Book Review: The People of…series of books by David Dobson

The following book review was written by Bobbi King:

The People of…series of books by David Dobson.
Genealogical Publishing Co.

The prodigious compiler David Dobson continues to memorialize the Scottish and Irish peoples, and some others.

The People of Strathmore 1600-1799
2017. 212 pages.
The name Strathmore is derived from the Gaelic words An Srath Mor, meaning broad or big valley. Located in eastern Scotland, the region is home to several small towns and farming communities.

This book identifies people living in the burghs of Kirriemuir, Forfar, and Brechin, as well as area parishes lying within the county of Angus. A previous book The People of Lowland Perthshire covers the western part of Strathmore that lies in Perthshire.
The author notes here the Davidson family of Harley-Davidson motorcycle fame, and the Carnegie family, ancestors of Andrew Carnegie.

The People of Moray, Banff, and Nairn 1700-1799
2019. 99 pages.
Moray lies between the Moray Firth and the Grampian mountains and is a fertile coastal plain where the economy was based on agriculture, fishing, and trade with vessels from Scandinavia, the Baltic, the Netherlands, England, and the Americas, which facilitated the movement of emigrants from their home lands to points far away.

The People of Fife 1600-1799
2018. 183 pages
The county of Fife lies on the east coast of Scotland between two river estuaries. During the Dark Ages Fife was a Pictish kingdom, but since medieval times has been integrated into the Kingdom of Scotland.
The research here is based on into primary source materials largely found in the archives of Fife and in Edinburgh.

The People of Dublin 1600-1799
2016. 155 pages.
By 1600 Dublin was the most important city in Ireland. English kings ruled, or attempted to rule, from its center. The Protestants were at first the dominant population, but the the Catholic influx from rural Ireland later yielded a Catholic majority. Immigrants brought skills in production of linen, wool, and silk weaving, as well sugar refining and metal works. This book sources primary resources in Ireland and Great Britain in identifying some of the denizens of Dublin from 1600-1800.

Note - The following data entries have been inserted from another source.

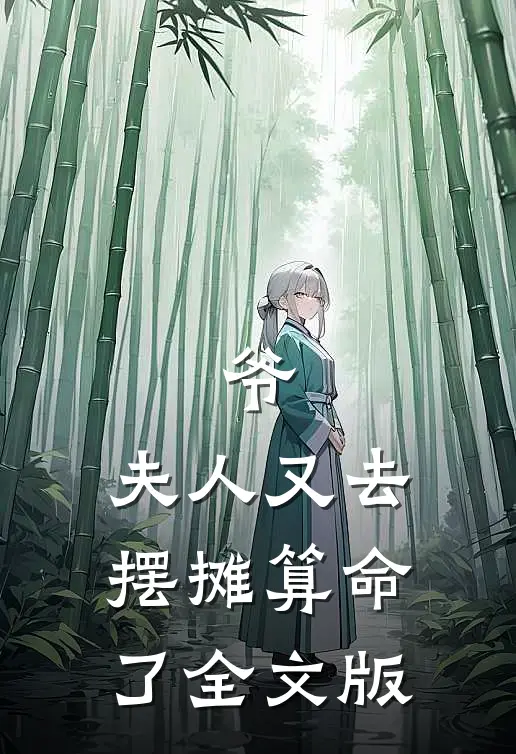 爷，夫人又去摆摊算命了全文版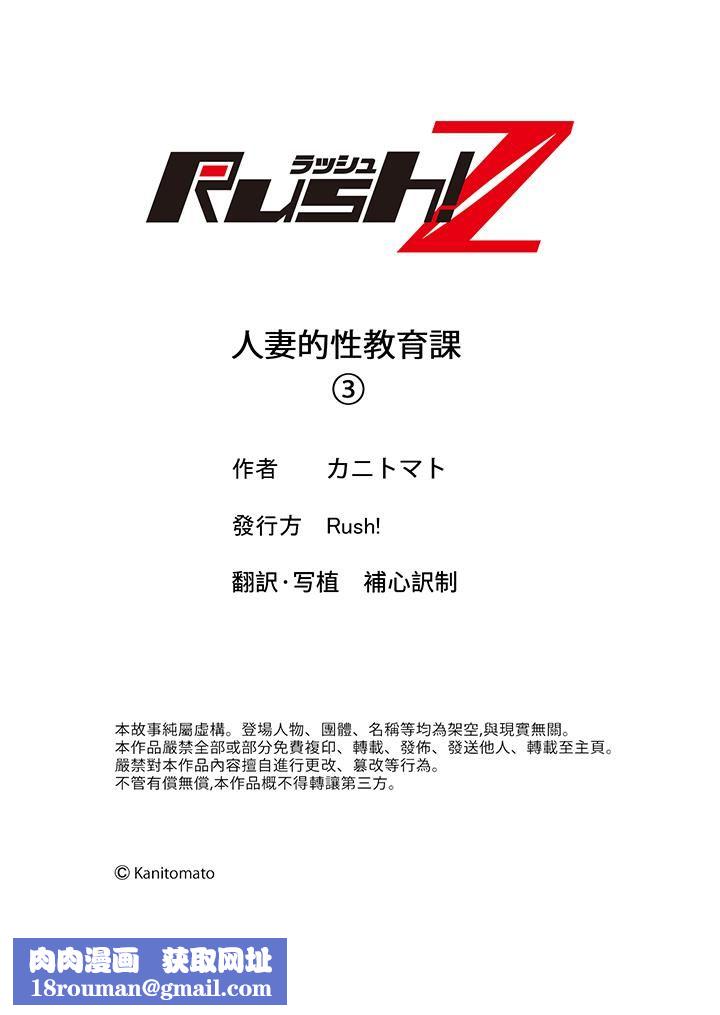 人妻的性教育课第3话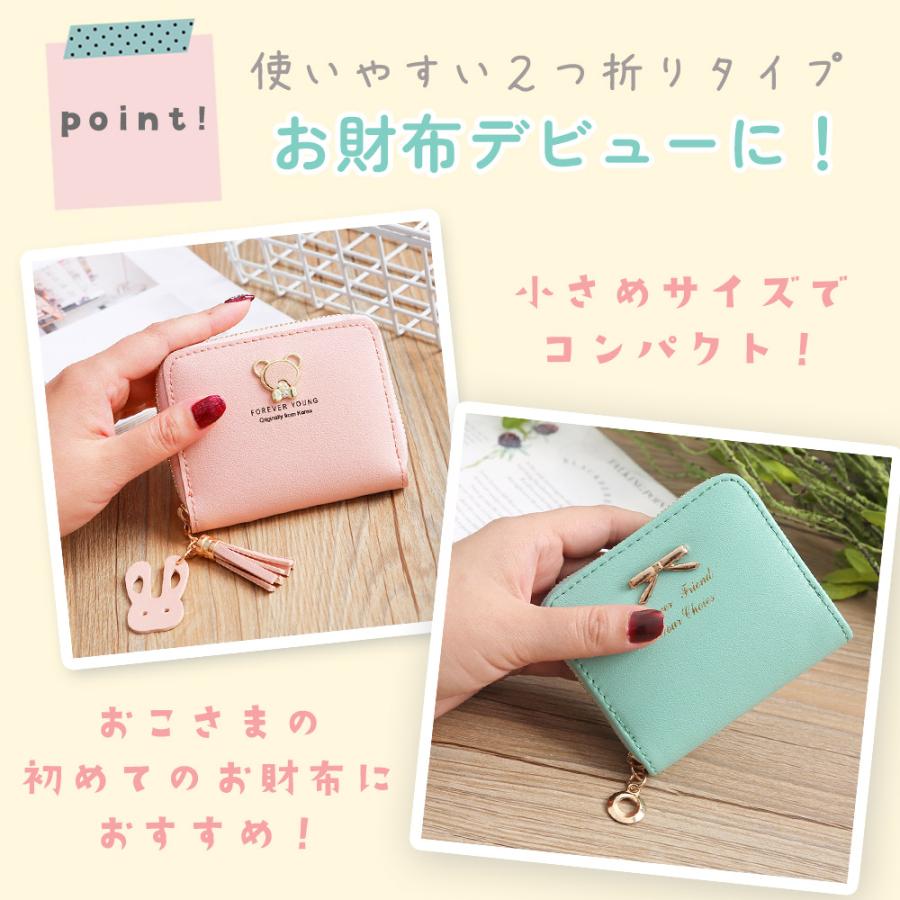 処分セール】財布 キッズ 子供 女子 女の子 ミニ カード かわいい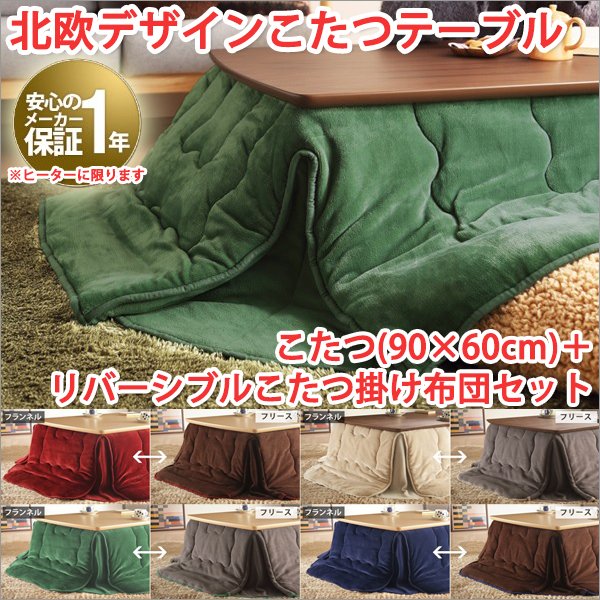 こたつテーブル 長方形 60 90 90x60cm フラットヒーター こたつ 90×60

The People of the Windward Islands, Trinidad and Tobago, and Curacao 1620-1860
2019. 188 pages.
The Windward Islands form part of the Lesser Antilles, stretching from Puerto Rico to near Venezuela. The islands of Curacao, Trinidad, and Tobago lie close to the Venezuelan coast. The early settlers fled the British Isles and arrived to the islands as prisoners of war, emigrants of economic hardships, and escapees of persecutions. Many eventually moved on to North America or Europe.

These books are simply formatted: they contain the names, listed alphabetically, of individuals who occupied the villages and towns.

Entries are formatted in a straightforward manner:
ADAM, CHARLES, a mason in Forfar, husband of Elizabeth Wishart, daughter of Thomas Wishart at Milne of Glamis, sasine, 1680, 1686; deed, 1687. [AA.F5.103] [NRS.RS35.S3.VIII.280; RD4.61.974]
BOWER, PATRICK, in Kinnetles, 1691. [NRS.E69.11.1]

(The initials and numbers denote references and sources.)

Mr. Dobson’s series of books would certainly complement the researcher’s library of British and Irish resources.